Rival Knights Defeat

Jousting in the game is, in its simplest form, a ‘best of three’ contest across three key statistics: defense, speed, and power. Each is judged individually, and the jouster that wins two of the three categories wins the match (a tie is also possible). Defense is calculated solely from your helmet and armor, and is not affected by the joust itself. Speed is determined by the horse you ride plus the speed you reach in the match. Finally, power is judged by your lance and your aim on your opponent.

Rival Knights Perfect Start

There are three active components to each match: the start, the gallop, and the strike. When the joust starts a countdown appears on the screen, and tapping the screen when the word ‘Go’ appears grants a Speed bonus. The gallop then immediately begins, and utilizes a precision mechanic on an arch. Tapping the screen in a white, yellow, or green zone will grant acceleration based on how closely you fall into the small green zone, and as you gain speed, so does the acceleration arrow, making the last taps the most difficult. After several acceleration boosts, your camera will shift and time will slow down as your opponent comes into view. The screen will highlight a specific target on your opponent to strike, and you must drag your finger on the screen to direct your lance to that target. The closer you are to a perfect strike, the smaller the circle; green indicates a perfect hit like other game elements. You will only have a few seconds in this slowed time before you and your opponent strike, so you must be accurate and swift to properly strike your opponent and knock him from his horse.
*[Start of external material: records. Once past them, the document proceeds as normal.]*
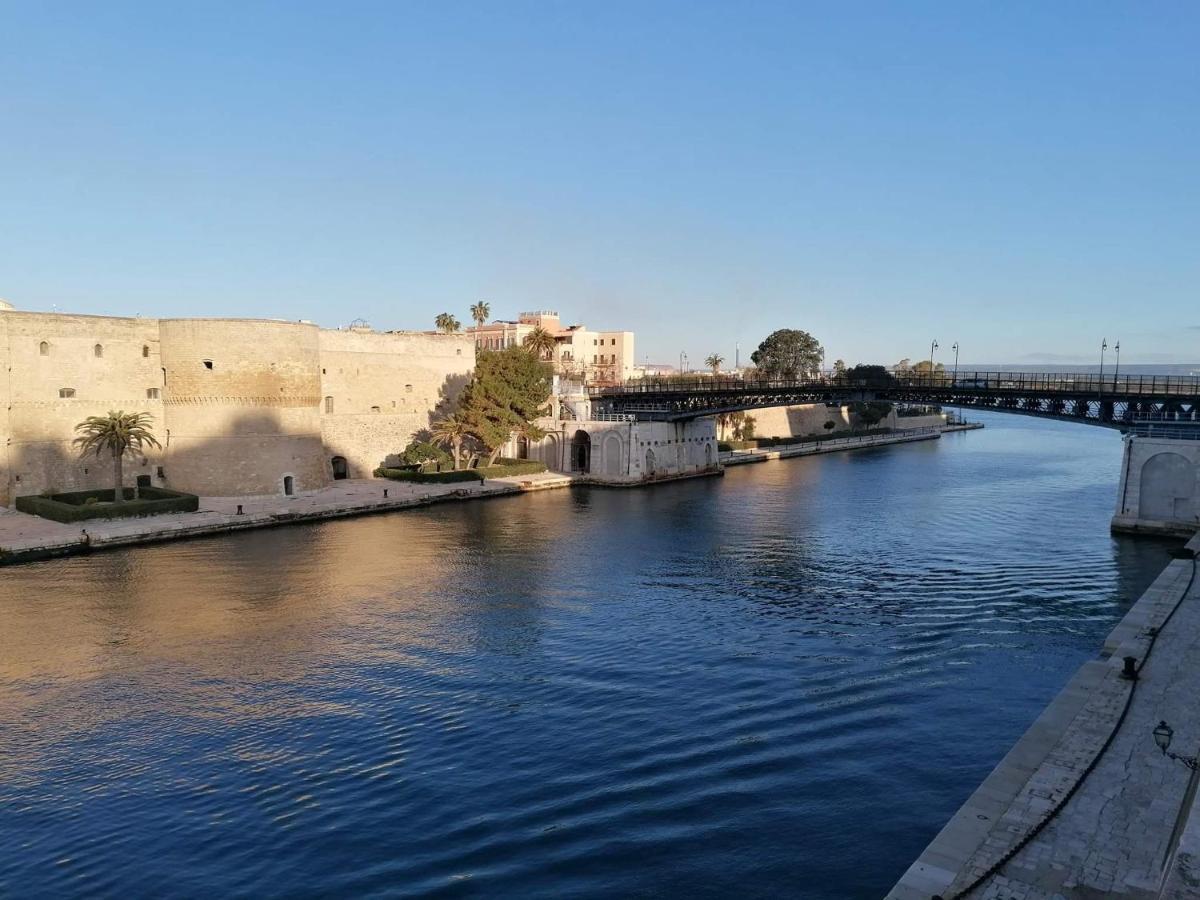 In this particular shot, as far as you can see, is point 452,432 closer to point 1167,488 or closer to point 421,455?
point 421,455

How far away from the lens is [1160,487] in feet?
146

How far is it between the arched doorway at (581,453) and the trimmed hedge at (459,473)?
447 centimetres

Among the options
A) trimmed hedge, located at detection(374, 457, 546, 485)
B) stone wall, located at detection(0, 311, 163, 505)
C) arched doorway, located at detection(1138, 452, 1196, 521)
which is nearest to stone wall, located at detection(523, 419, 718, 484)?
trimmed hedge, located at detection(374, 457, 546, 485)

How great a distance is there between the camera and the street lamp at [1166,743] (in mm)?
14516

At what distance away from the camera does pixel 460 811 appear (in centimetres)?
1642

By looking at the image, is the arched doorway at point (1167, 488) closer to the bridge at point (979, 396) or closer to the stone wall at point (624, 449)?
the bridge at point (979, 396)

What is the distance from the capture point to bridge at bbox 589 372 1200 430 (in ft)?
169

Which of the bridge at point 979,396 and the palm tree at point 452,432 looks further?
the palm tree at point 452,432

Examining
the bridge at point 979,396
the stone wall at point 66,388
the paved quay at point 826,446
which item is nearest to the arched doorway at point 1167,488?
the bridge at point 979,396

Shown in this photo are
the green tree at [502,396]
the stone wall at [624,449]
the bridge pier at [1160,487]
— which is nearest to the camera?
the bridge pier at [1160,487]

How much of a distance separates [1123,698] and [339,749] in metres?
17.6

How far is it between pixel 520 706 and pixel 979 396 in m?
49.6

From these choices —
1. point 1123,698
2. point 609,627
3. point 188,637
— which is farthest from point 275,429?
point 1123,698

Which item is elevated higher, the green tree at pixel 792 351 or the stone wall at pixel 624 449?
the green tree at pixel 792 351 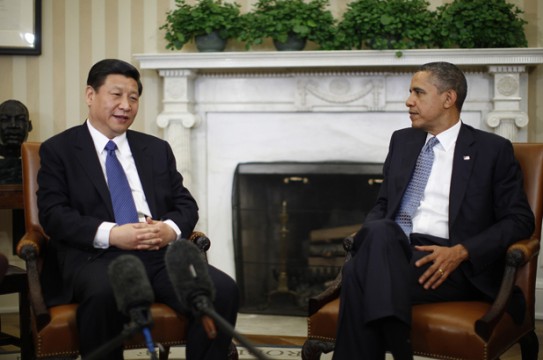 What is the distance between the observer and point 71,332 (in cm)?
232

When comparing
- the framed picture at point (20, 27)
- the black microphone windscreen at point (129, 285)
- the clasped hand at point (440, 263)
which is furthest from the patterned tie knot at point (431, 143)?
the framed picture at point (20, 27)

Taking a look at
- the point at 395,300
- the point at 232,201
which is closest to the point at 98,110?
the point at 395,300

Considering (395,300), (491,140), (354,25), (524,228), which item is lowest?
(395,300)

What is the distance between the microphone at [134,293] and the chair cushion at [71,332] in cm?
90

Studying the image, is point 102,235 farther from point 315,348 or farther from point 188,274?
point 188,274

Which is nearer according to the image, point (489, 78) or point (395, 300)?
point (395, 300)

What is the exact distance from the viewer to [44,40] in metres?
4.49

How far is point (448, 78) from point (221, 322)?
178 centimetres

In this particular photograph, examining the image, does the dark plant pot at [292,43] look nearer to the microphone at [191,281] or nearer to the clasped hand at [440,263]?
the clasped hand at [440,263]

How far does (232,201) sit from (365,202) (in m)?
0.78

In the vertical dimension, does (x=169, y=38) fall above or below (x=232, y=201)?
above

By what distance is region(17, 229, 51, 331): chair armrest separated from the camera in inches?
91.0

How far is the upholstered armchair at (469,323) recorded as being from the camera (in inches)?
89.9

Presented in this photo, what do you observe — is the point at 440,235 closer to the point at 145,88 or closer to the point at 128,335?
the point at 128,335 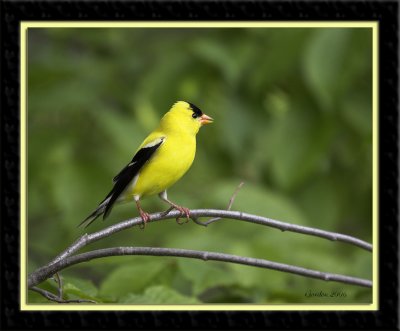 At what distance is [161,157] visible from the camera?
3123 millimetres

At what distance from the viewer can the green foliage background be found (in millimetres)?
4453

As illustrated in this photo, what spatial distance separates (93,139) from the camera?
5.16 meters

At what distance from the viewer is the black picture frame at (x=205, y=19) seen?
9.55 ft

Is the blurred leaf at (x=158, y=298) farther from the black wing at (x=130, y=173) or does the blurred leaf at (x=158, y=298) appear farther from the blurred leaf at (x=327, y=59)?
the blurred leaf at (x=327, y=59)

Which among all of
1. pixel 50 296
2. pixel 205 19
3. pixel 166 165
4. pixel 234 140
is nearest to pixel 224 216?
pixel 166 165

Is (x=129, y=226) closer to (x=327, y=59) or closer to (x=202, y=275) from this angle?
(x=202, y=275)

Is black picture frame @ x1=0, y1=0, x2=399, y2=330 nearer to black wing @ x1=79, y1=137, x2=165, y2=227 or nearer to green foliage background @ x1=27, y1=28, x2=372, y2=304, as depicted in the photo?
black wing @ x1=79, y1=137, x2=165, y2=227

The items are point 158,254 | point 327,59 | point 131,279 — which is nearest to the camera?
point 158,254

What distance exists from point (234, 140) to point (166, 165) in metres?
2.18

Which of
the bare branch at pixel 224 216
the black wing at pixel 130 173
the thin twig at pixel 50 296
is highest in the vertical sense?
the black wing at pixel 130 173

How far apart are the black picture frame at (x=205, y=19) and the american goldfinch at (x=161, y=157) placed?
36 cm

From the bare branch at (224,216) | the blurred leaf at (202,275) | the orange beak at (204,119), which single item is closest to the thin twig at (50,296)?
the bare branch at (224,216)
Rival Knights Critical Hit

The entire joust takes only a minute to complete, so there’s no time wasted. When it’s complete, the joust’s results will be calculated, including bonus medals that can be earned for a perfect start, for reaching top speed, and for hitting a perfect hit. These will increase your scores and rewards. You’ll still earn a small reward if you lose the joust, so your time and energy isn’t entirely wasted. That said, energy is more precious than you realize, so do your best to avoid losses.

Harnessing the Power of Metal and Hoof

There are five pieces of equipment that you may purchase and upgrade: helms, armor, horses, lances, and emblems. As mentioned earlier, helms and armor contribute to defense, horses to speed, and lances to power. Each of these categories has multiple items that may be purchased (although you can only ever equip one). Some items will cost gold (earned in matches), some will cost gems (the cash shop currency), and some must be unlocked through the campaign. Additional bonus items may be rewarded for participation in the PvP tournaments. Each item can be upgraded with gold through six tiers. However, the sixth and final tier is temporary and considered “charged,” and may only last a few matches before needing to be charged again.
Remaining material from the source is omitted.